— Goal of the exercise —
For this exercise, write out each entry below exactly, omitting the images.

— Short web captions —
***
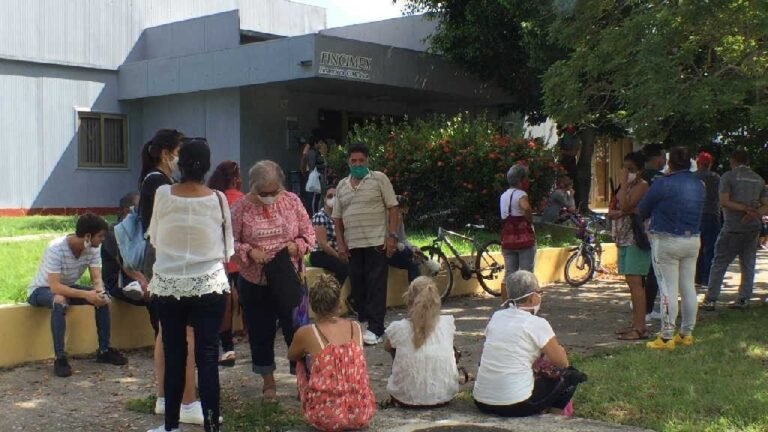 sucursal bancaria con fila de jubilados contentos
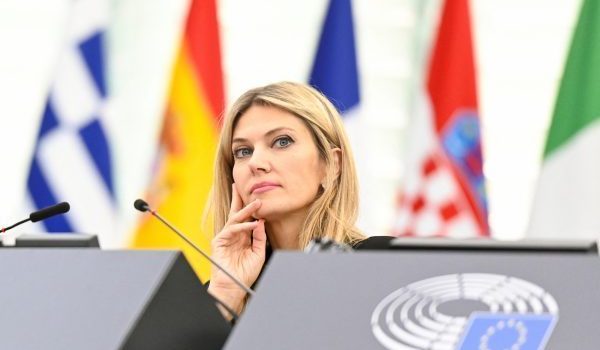 Καϊλή: Σε ξεχωριστό σπίτι από τον Τζόρτζι μαζί με το παιδί της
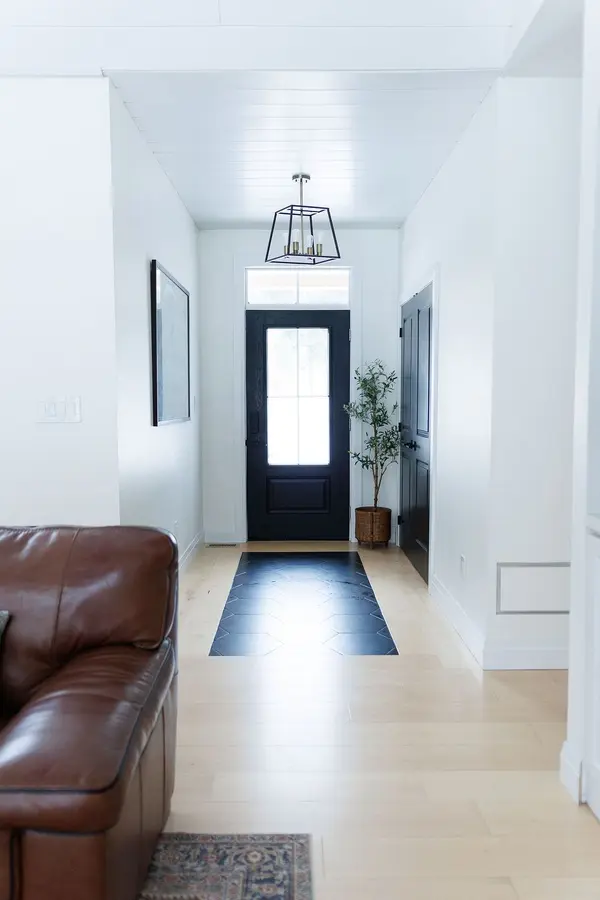 195 Lakeview ST, Dysart Et Al, ON K0M 1S0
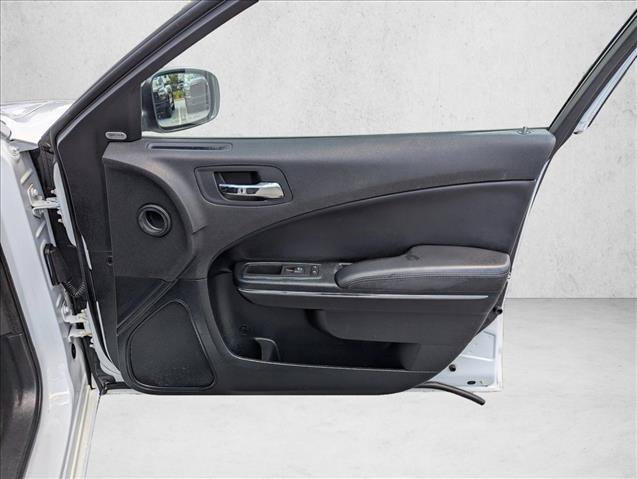Used 2014 Dodge Charger SXT RWD image 23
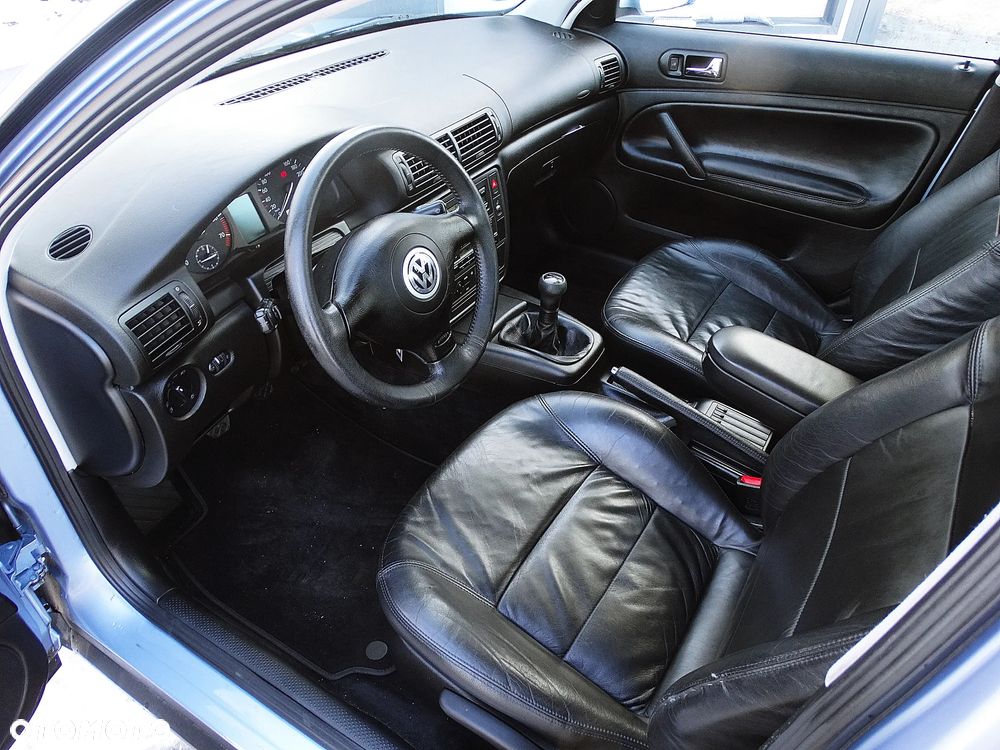 Volkswagen Passat 1.8T Comfortline - 18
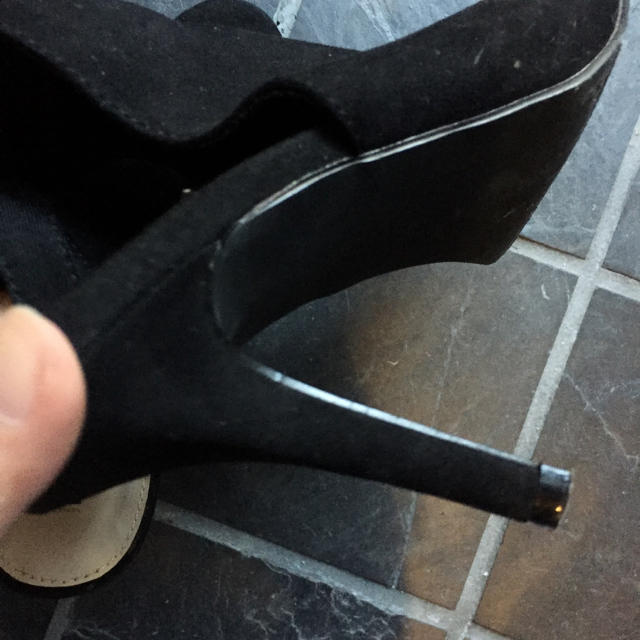 FOREVER 21(フォーエバートゥエンティーワン)のブラック スエード素材 サンダルブーツ レディースの靴/シューズ(サンダル)の商品写真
***
— Output below —
 sucursal bancaria con fila de jubilados contentos
 Καϊλή: Σε ξεχωριστό σπίτι από τον Τζόρτζι μαζί με το παιδί της
 195 Lakeview ST, Dysart Et Al, ON K0M 1S0
Used 2014 Dodge Charger SXT RWD image 23
 Volkswagen Passat 1.8T Comfortline - 18
 FOREVER 21(フォーエバートゥエンティーワン)のブラック スエード素材 サンダルブーツ レディースの靴/シューズ(サンダル)の商品写真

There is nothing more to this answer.